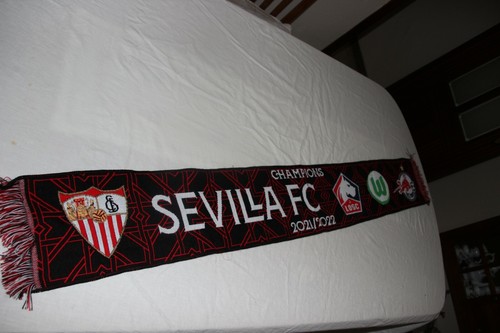 Sciarpa partido champions - partido,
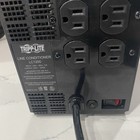 Tripp-lite Line Conditioner Lc1200 4-outlet Surge Suppresser 1200-watt 120-volt
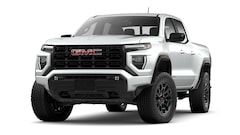 2026 GMC Canyon Elevation Truck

▶ [INSTRUCTIONS FOR THE TASK]: Begin at the line that contains "Tripp-lite Line Conditioner" and transcribe exactly, and only, each line through the final line of the data above, both included; the pictures do not go in.

▶ [ANSWER TO THIS EXERCISE]:
 Tripp-lite Line Conditioner Lc1200 4-outlet Surge Suppresser 1200-watt 120-volt
 2026 GMC Canyon Elevation Truck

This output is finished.